START DATA TO USE

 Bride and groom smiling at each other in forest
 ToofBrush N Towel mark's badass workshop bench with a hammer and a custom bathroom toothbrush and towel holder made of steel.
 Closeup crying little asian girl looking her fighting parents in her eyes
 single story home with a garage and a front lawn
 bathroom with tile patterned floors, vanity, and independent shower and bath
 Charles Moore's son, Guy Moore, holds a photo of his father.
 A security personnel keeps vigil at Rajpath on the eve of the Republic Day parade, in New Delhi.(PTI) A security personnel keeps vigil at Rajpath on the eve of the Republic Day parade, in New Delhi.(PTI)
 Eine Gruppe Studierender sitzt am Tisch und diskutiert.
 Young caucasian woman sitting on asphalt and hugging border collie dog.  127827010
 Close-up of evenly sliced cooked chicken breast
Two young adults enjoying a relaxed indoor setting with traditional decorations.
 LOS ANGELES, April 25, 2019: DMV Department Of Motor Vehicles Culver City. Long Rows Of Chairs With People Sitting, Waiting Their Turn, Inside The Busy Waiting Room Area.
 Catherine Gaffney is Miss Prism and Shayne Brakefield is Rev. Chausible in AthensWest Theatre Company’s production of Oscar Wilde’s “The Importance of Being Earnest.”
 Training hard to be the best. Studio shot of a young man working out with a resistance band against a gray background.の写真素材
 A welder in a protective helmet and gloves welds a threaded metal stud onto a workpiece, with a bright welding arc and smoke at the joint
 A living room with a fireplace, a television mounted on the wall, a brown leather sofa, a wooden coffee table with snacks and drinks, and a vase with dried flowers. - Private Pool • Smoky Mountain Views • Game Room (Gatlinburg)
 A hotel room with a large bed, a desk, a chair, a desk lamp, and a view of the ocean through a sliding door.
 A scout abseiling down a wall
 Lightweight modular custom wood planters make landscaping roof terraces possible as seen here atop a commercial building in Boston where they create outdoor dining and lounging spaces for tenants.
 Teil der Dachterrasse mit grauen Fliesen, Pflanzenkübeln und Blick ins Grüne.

END DATA TO USE

EXERCISE BRIEF: Repeat the data verbatim.

YOUR SOLUTION:
 Bride and groom smiling at each other in forest
 ToofBrush N Towel mark's badass workshop bench with a hammer and a custom bathroom toothbrush and towel holder made of steel.
 Closeup crying little asian girl looking her fighting parents in her eyes
 single story home with a garage and a front lawn
 bathroom with tile patterned floors, vanity, and independent shower and bath
 Charles Moore's son, Guy Moore, holds a photo of his father.
 A security personnel keeps vigil at Rajpath on the eve of the Republic Day parade, in New Delhi.(PTI) A security personnel keeps vigil at Rajpath on the eve of the Republic Day parade, in New Delhi.(PTI)
 Eine Gruppe Studierender sitzt am Tisch und diskutiert.
 Young caucasian woman sitting on asphalt and hugging border collie dog.  127827010
 Close-up of evenly sliced cooked chicken breast
Two young adults enjoying a relaxed indoor setting with traditional decorations.
 LOS ANGELES, April 25, 2019: DMV Department Of Motor Vehicles Culver City. Long Rows Of Chairs With People Sitting, Waiting Their Turn, Inside The Busy Waiting Room Area.
 Catherine Gaffney is Miss Prism and Shayne Brakefield is Rev. Chausible in AthensWest Theatre Company’s production of Oscar Wilde’s “The Importance of Being Earnest.”
 Training hard to be the best. Studio shot of a young man working out with a resistance band against a gray background.の写真素材
 A welder in a protective helmet and gloves welds a threaded metal stud onto a workpiece, with a bright welding arc and smoke at the joint
 A living room with a fireplace, a television mounted on the wall, a brown leather sofa, a wooden coffee table with snacks and drinks, and a vase with dried flowers. - Private Pool • Smoky Mountain Views • Game Room (Gatlinburg)
 A hotel room with a large bed, a desk, a chair, a desk lamp, and a view of the ocean through a sliding door.
 A scout abseiling down a wall
 Lightweight modular custom wood planters make landscaping roof terraces possible as seen here atop a commercial building in Boston where they create outdoor dining and lounging spaces for tenants.
 Teil der Dachterrasse mit grauen Fliesen, Pflanzenkübeln und Blick ins Grüne.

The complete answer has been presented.